(Dataset excerpt Opens)

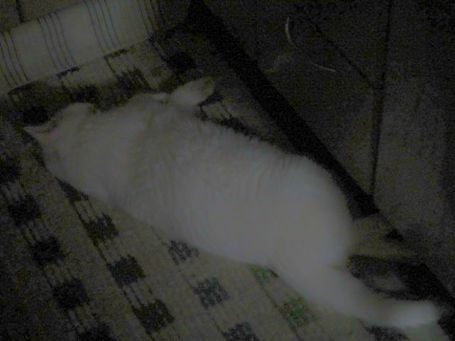 IMG_3521.JPG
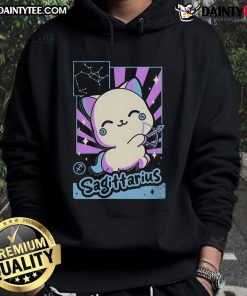 Alt Text: Cute astrology kawaii Sagittarius hoodie featuring a vibrant design and playful graphics for zodiac lovers.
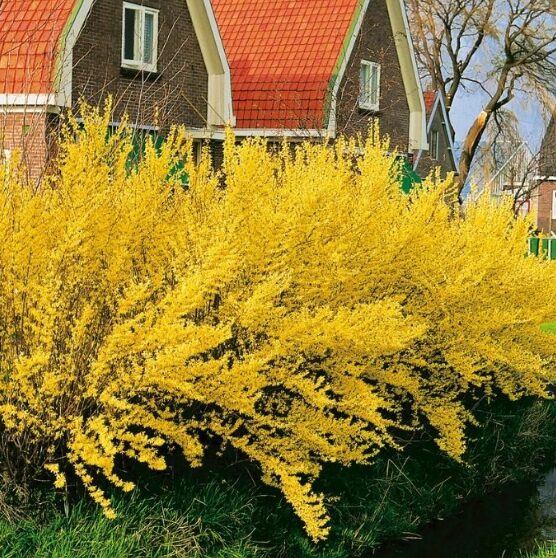 Lynwood Gold Forsythia Bare Root Cuttings 1-2’ – Vibrant Yellow Shrub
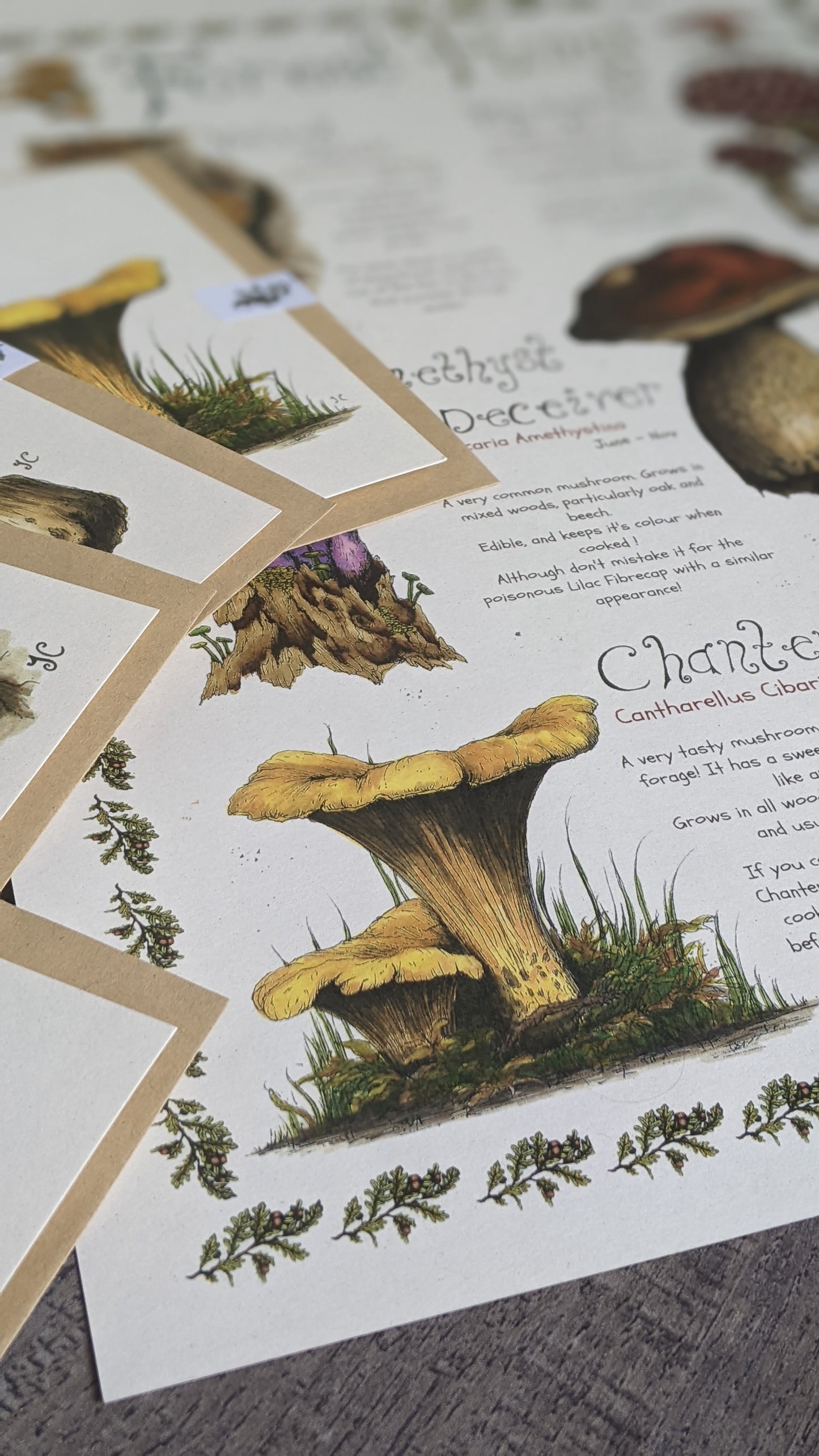 Forest Fungi Poster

(Dataset excerpt Closes)

Write out all the material verbatim, images excluded.

 IMG_3521.JPG
 Alt Text: Cute astrology kawaii Sagittarius hoodie featuring a vibrant design and playful graphics for zodiac lovers.
 Lynwood Gold Forsythia Bare Root Cuttings 1-2’ – Vibrant Yellow Shrub
 Forest Fungi Poster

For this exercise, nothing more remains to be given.